Likely makes no difference. If the called function is inline, lots
of things can be done "as if" following the rules. Nothing that you
can do to help that.

: As a whole, I'm curious about this return value optimization thing.


: I've found few references on it. The Meyer's and Lippman&Lajoie ones
: are gems. I could not locate any mention of it in the Standard (text
: searches for "optimization") or in "C++PL3" (Eyeball Mk1 searches). So,
: any thoughts would be welcome.

12.8/15 is the paragraph which covers this.

The use of a local variable which is constructed at the beginning
of the function in the return value area and then manipulated in
the function is what most want. It saves a copy at the return.
Cfront implemented this. I have heard that the HP compiler
has it available as an option which is normally disabled. I know
of no other compiler that supports it.

Many hope that will change. The HP view shows that there are also
many who do not want it messing up their intentions. Time will
tell.

You can easily test your compiler by writing a simple class with
a copy ctor which produces output. This optimization is an issue
with many because it can be detected. That violates the "as if"
rule, but it is an exemption.

John

J.Barfurth

unread,
Nov 5, 1999, 3:00:00 AM11/5/99
to

Jeet Sukumaran <jeet_su...@my-deja.com> schrieb in im Newsbeitrag:
7vrrp6$ihm$1...@nnrp1.deja.com...

> >From Meyer's "More Effective C++," return value optimization
> is said to likely to take place when a temporary object is returned:
>
> Example #1:
> SomeType foo(void) {
> // stuff ...
> return SomeType(/* stuff */);
> }
>
> Lippman & Lajoie's "C++ Primer" indicate another possible RVO scenario:
>
> Example #2:
> SomeType foo(void) {
> SomeType a;
> // stuff ..
> return a;
> }
>
> Given a statement like:
>
> s = foo();
This too creates a temporary: The return value optimisation can elide copy
construction but not copy assignment. See below.

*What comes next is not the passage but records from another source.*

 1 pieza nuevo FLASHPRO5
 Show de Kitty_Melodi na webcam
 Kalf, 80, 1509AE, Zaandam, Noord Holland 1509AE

> where s is of SomeType. In Example #1, the temporary is constructed
> directly in s's memory-space, as is the object a in Example#2 (if RVO
> takes place).

It wont. s is constructed already. The compiler should not just construct
something else in it's 'memory-space'. To allow the full optimization (no
copying done) use:
SomeType new_s = foo();

> OK -- here are my questions:
>
> (1) Does RVO take place if the memory-space "to be filled" is not a
> named object, but is itself another temporary, as in some of the below
> code fragments:
>
> if (foo() == s) { }
> std::cout << foo()
> while ( foo() ) { }

It could. If the optimization is done at all, it probably will take place in
this case. It seems to me, that it would be even easier to do this
optimization for a temporary (depending on the way return-by-value is
implemented by the compiler for objects of class type). If e.g. the returned
value is just left on the stack (which means the RVO is impossible for
non-block-scoped (named) objects), that value can still be used as a
temporary.

> (2) Is there a need to choose between implicit return value
> conversion and RVO-faciliation, or is one a clear-cut winner always?
>
> For example:
>
> SomeType foobar(void) {
> AnotherType a;
>
> // do something with a
>
> // which is better?
> return SomeType(a); // #1: emphasize RVO
> return a; // #2: implicit return value conversion
> }

I wouldn't expect any difference in generated code between #1 and #2 if RVO
is done. Even if it usually isn't or cannot be done in cases like Example#1
above, line #1 should be easily optimized to do the same thing as line #2.
<BTW>Avoid reusing names: 'Example' #1 is still in scope when you declare
line #1 ;-) </BTW>

Assuming that the appropriate copy c'tor and implicit conversion are
available to allow both #1 and #2 to compile, a compiler should do the same
in both cases IMHO. If line #1 causes a copy constructor to be called even
if the return value is discarded or used as a temporary, the compiler either
would seem very simplistic to me or goes out of its way to ensure copying
temporaries around as much as possible.
Assuming again that both versions are legal, i'd select the one that is more
readable: If the implicit conversion is obvious (else you better make it
explicit anyways), and if the context is such that a casual reader will
still recall that the function actually returns a SomeType and not an
AnotherType, I'd select version #2. Else I prefer #1 - it makes the returned
type obvious. If the conversion isn't natural, I'd make it explicit if I can
and/or use:
return static_cast<SomeType>(a); // #3
which still shouldn't make a difference if RVO is done.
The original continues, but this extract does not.